OutCampaign.org

…wherein commander other rambles for a bit about the new version of Wordpress, blogging in general, and other stuff that have made an impression on him recently.

For those of you who don’t know, commander other is a professional photographer with a peculiar bent in that he doesn’t feel that a “professional” needs to cram his photographs down the gaping maw of the world’s presumed interest. I serve my clients, I have fun with it, and they’re mostly happy with me, except when I take on more work than I can actually swallow effectively. But, unbeknownst to many of my bloggy friends, commander other is also a bit of a quality assurance geek. Long, long ago, I moved up from a systems configurator position and took over a quality management position for a small value-added reseller of Dell Computers in Albuquerque, NM and within the space of six months managed to walk them through ISO-9001 certification without any credentials or direct quality management experience. Prior to that, I had been beta-testing for a couple of software companies, and over the years since then, have been an active beta and alpha-tester, sometimes paid, even, for about three dozen companies ranging from the gaming industry to business software. I recently stepped back into quality management for a company that makes software that serves the health care industry, so I now spend most of my waking hours (and many of my sleeping hours) hunting bugs and coordinating communications between our client and our development on production issues. After fifteen years working for myself as a photographer, this has been a very interesting trip back into the corporate world, and nearly-ironically, I’m loving it.

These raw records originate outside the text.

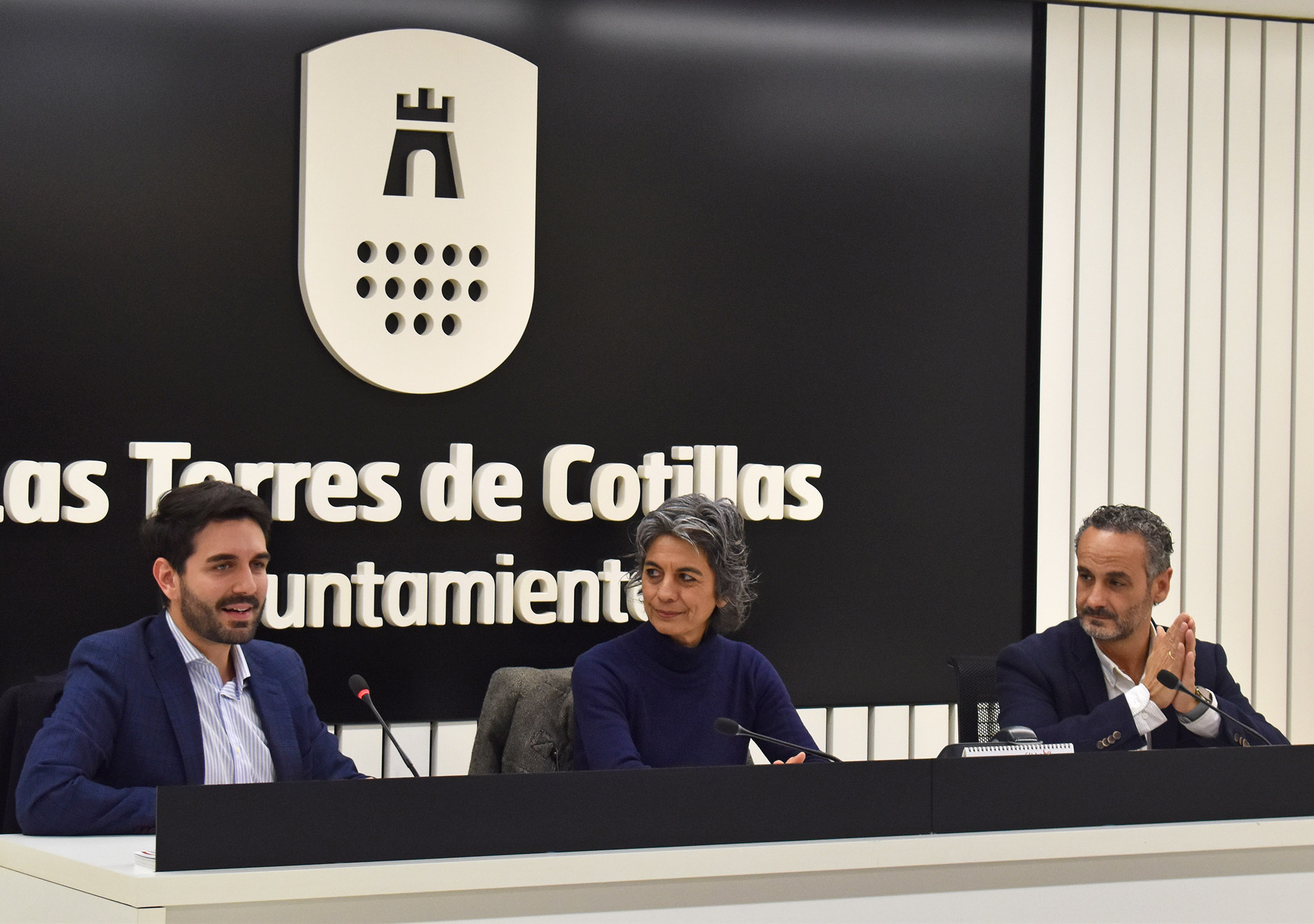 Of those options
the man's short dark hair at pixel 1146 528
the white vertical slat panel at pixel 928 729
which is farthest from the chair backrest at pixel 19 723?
the white vertical slat panel at pixel 928 729

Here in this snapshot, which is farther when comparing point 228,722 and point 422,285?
point 422,285

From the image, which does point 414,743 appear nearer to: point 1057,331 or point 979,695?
point 979,695

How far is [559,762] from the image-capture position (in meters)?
3.23

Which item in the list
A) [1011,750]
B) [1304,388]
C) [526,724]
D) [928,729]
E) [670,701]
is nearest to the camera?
[1011,750]

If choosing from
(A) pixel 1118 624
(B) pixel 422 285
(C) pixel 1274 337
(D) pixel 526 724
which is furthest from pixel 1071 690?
(C) pixel 1274 337

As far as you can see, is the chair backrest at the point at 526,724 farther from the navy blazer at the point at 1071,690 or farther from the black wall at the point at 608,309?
the navy blazer at the point at 1071,690

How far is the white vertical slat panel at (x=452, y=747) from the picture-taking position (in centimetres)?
392

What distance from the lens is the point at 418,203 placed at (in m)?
3.86

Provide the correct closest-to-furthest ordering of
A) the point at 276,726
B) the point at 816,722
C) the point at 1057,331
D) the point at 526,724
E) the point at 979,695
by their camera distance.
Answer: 1. the point at 276,726
2. the point at 526,724
3. the point at 979,695
4. the point at 816,722
5. the point at 1057,331

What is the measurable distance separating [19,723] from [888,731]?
260cm

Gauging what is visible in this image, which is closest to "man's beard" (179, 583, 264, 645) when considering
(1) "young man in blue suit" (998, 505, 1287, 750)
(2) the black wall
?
(2) the black wall

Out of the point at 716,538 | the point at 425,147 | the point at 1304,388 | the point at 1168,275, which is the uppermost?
the point at 425,147

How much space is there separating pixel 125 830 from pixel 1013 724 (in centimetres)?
184

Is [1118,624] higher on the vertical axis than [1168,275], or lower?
lower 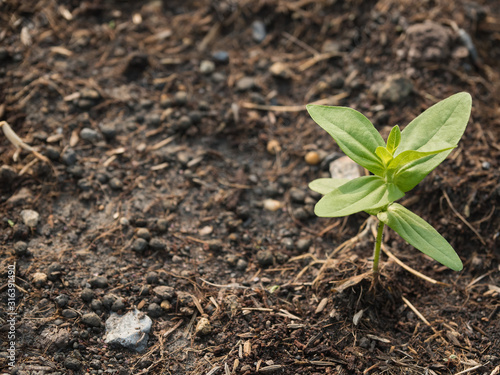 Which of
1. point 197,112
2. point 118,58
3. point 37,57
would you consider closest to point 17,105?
point 37,57

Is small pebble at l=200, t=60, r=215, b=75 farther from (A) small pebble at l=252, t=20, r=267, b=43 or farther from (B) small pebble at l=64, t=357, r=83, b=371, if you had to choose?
(B) small pebble at l=64, t=357, r=83, b=371

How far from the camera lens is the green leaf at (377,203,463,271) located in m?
2.04

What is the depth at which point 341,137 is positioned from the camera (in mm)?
2254

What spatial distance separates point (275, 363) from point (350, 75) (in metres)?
2.55

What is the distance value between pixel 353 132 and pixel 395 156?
0.25m

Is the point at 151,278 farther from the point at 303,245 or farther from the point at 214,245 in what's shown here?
the point at 303,245

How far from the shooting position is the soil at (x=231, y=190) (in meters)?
2.41

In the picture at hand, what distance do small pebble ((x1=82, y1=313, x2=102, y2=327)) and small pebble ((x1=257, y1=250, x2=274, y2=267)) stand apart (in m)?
1.06

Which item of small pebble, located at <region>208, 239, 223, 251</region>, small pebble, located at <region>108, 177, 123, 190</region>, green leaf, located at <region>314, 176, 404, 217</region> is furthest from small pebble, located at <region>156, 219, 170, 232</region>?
green leaf, located at <region>314, 176, 404, 217</region>

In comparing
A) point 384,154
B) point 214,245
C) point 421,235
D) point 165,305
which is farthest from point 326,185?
point 165,305

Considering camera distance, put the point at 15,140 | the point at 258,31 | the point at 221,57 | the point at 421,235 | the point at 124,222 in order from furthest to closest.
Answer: the point at 258,31
the point at 221,57
the point at 15,140
the point at 124,222
the point at 421,235

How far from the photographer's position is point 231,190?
10.5 ft

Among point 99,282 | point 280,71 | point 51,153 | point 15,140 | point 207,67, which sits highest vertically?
point 15,140

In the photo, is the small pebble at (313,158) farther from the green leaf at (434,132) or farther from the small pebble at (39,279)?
the small pebble at (39,279) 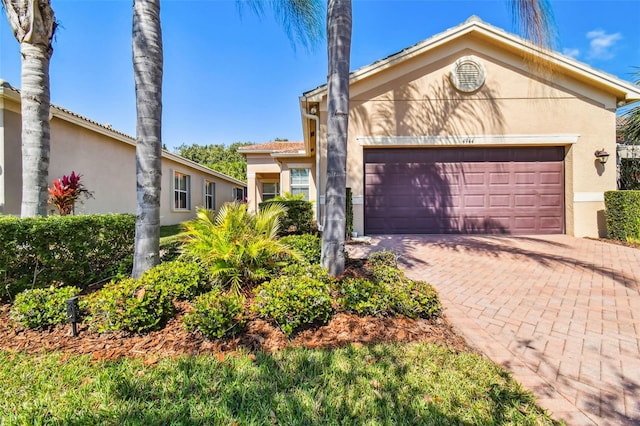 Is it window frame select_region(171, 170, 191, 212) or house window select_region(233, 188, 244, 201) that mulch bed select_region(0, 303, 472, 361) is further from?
house window select_region(233, 188, 244, 201)

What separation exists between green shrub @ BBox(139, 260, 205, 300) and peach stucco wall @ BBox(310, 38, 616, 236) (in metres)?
5.78

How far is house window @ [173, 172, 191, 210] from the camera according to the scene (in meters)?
14.0

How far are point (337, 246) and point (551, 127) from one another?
907 centimetres

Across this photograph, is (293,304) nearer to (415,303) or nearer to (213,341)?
(213,341)

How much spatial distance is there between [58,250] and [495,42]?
11.8 m

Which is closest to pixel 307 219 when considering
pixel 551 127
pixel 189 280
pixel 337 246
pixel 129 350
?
pixel 337 246

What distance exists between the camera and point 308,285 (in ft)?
10.2

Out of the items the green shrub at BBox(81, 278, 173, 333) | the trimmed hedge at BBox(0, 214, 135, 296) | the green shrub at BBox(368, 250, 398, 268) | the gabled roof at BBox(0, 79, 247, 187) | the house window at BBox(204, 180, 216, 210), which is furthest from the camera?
the house window at BBox(204, 180, 216, 210)

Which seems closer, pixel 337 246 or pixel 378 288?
pixel 378 288

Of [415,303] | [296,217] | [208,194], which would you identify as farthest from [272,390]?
[208,194]

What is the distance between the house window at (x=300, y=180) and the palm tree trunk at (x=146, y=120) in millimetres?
10462

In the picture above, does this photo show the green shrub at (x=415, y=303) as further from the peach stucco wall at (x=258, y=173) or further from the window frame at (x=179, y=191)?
the window frame at (x=179, y=191)

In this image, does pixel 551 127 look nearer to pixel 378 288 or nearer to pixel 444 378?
pixel 378 288

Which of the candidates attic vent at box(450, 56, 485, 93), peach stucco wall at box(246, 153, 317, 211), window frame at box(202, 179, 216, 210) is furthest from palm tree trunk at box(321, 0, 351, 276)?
window frame at box(202, 179, 216, 210) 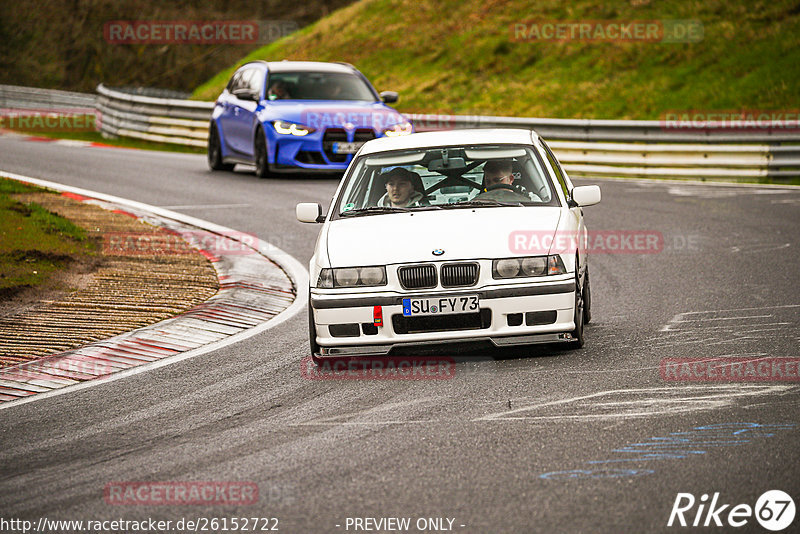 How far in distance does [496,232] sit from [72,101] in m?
36.3

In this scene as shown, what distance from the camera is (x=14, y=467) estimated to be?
5742 millimetres

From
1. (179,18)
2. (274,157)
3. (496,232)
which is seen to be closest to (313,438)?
(496,232)

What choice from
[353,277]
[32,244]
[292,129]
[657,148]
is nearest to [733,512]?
[353,277]

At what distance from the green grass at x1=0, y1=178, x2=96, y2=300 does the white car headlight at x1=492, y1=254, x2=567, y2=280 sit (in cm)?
474

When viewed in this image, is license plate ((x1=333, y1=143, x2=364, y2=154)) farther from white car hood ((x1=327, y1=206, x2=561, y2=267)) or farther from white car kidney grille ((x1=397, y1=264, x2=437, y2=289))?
white car kidney grille ((x1=397, y1=264, x2=437, y2=289))

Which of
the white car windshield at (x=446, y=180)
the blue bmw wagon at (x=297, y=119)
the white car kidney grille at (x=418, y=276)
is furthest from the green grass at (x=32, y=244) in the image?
the blue bmw wagon at (x=297, y=119)

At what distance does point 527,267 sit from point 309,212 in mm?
1801

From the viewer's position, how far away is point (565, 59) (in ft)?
104

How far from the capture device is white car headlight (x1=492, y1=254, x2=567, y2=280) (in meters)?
7.48

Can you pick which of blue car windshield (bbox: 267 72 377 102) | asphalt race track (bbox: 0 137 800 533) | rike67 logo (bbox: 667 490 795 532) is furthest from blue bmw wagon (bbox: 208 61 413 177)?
rike67 logo (bbox: 667 490 795 532)

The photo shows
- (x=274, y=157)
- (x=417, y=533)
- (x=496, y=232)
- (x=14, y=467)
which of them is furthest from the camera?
(x=274, y=157)

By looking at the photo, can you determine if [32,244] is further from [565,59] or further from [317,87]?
[565,59]

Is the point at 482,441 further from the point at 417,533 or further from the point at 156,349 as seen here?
the point at 156,349

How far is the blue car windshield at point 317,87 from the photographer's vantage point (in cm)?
1928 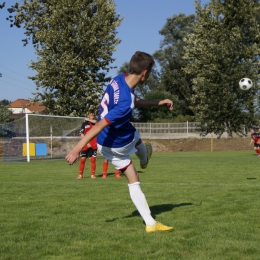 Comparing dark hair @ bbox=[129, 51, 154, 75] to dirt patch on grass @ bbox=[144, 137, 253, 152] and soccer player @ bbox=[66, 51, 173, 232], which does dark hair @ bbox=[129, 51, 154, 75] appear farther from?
dirt patch on grass @ bbox=[144, 137, 253, 152]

All that to say, I’m very handing at pointing out problems with things. Hence my (not so much recently) bent for photographic snarkery: the age-old “What’s wrong with this picture”, with a subjective twist. Coincidental to our recent move and taking on the new job, Wordpress has released a new version (2.5) and a new update to that version (2.5.1) in which some of the most heinous downgrades to Usability issues were undertaken in the name of progress. I won’t bore you by rehashing old tirades and conversations on that issue; they’re all google-able and Wordpress-searchable. However, as our fabulous designer and I were also updating my websites, I learned a few things about plugins that may or may not interest my fellow self-hosted Wordpress users.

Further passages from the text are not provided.